そうした不正を正確に見極めるためには、契約書や稟議書、取引データなど、企業内部の文書を丁寧に読み解く必要があります。ただし、それらの情報はPDFやメール、システム内データなどに分散しており、経験や勘に頼った属人的なチェックには限界があります。
こうした課題に対して、AIを用いた新しい分析手法が現れています。ジュリオ株式会社が提供する「粉飾リスク分析AI」は、契約書や証憑データをもとに会計処理の“ズレ”や資金の不自然な動きを検出する仕組みを持ち、従来の目視や定型チェックでは見落とされがちなリスクの把握を支援します。数字の整合性だけでなく、取引の実態に迫る手段として注目されています。
企業が売上を計上するタイミングにはルールがあります。たとえば「検収完了後に売上を認識する」といった契約条件に基づく処理です。しかし現実には、こうしたルールと実際の会計処理にズレが生じることもあります。
新たに提供されたAIは、契約書や稟議書に書かれた収益認識の条件を自然言語処理で読み取り、検収完了の通知メールなどの証拠と突き合わせて、売上計上のタイミングに矛盾がないかを自動的に検知します。「検収前に売上が計上されている」といった不正の兆しを、AIが膨大な書類の中から見逃さずに指摘できる点が特徴です。
これまで人の目に頼っていた作業を、AIが迅速かつ網羅的に補助することで、会計の透明性が一段と高まることが期待されています。
不正取引の兆候は、数字だけでは見えてこないことがあります。たとえば、特定の取引先への売上が急増した直後に、別の会社への支払いが発生している場合など、資金の流れに不自然なパターンが隠れていることがあります。
今回のAIは、そうした異常を見つけ出すために、まず請求書や会計データにある取引先名の表記の違いを自動で正規化します。
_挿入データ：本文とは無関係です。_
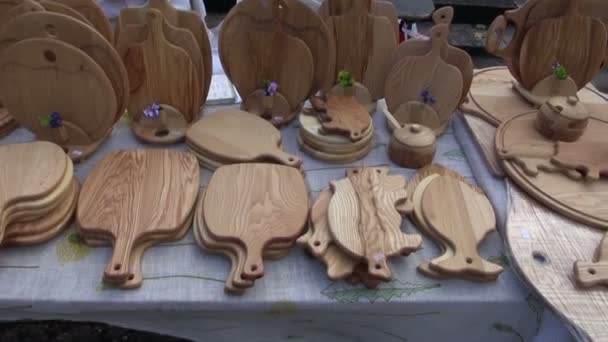 konyha új fából készült vágódeszkák utcai piacon - Felvétel, videó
「(株)ジュリオ」「ジュリオ㈱」などの揺れを統一し、取引データを整理することで、資金の動きを正確に分析できるようにしています。
名寄せされたデータをもとに、売上と支払いのタイミングや相関関係をAIが読み解き、循環取引や架空売上のリスクを浮かび上がらせる仕組みです。人の目では見落としがちな繋がりを、構造的に捉える点がこの技術の強みです。
循環取引のような不正を見抜くには、契約書や証憑、取引データなど、膨大な文書を横断的にチェックする必要があります。しかし現場では、確認作業の多さや担当者の経験に依存する体制が課題となってきました。情報の形式や保管場所がバラバラなため、効率的な分析も難しいのが実情です。
こうした限界を補うために開発されたのが、今回のAIソリューションです。監査の現場で「もっと深く証憑を見られたら」という思いを抱いてきた公認会計士が設計に携わり、人の目では気づけないズレや違和感をAIが代わりに拾い上げる仕組みをつくりました。
不正を見つけることが目的ではなく、健全な企業が正しく評価される社会を支える――そんな視点が、この取り組みの根底にあります。
このAIが活躍するのは、監査や会計の現場だけではありません。銀行の与信審査、M&Aのデューデリジェンス、投資家による企業分析など、さまざまな場面で「見えにくいリスク」を可視化する力が求められています。数字だけでは判断できない取引の実態を、契約書や取引データなどの裏付け情報から読み解くことで、判断の精度が大きく向上します。
また、従来のように不正が発覚してから対応するのではなく、兆しの段階でリスクを察知し、未然に防ぐという“予防的”なアプローチが可能になる点も大きな特徴です。今回、サービス名に「リスク分析」の言葉が加わったことも、その姿勢を象徴しています。
企業を厳しく裁くのではなく、正しく理解し、信頼できる基盤を築く。AIが果たす役割は、そうした前向きな社会の仕組みづくりへと広がり始めています。
不正を暴くことが目的ではなく、誠実に事業を進めている企業が正当に評価される仕組みをつくること。その視点こそが、今回の取り組みの根底にあります。
循環取引や不自然な売上の計上が見逃されてしまう背景には、人の目だけでは届かない“情報の壁”が存在してきました。そこにAIが入り込むことで、これまで埋もれていた違和感や矛盾をすくい上げ、企業の姿をより正確に映し出せるようになりつつあります。
テクノロジーによって不正が起きにくい環境が整えば、結果として企業も投資家も、より健全な形で未来に進むことができます。会計とAIが交わることで見えてくる新しい景色は、単なる業務効率の話ではなく、透明性と信頼に支えられた社会への一歩と言えるかもしれません。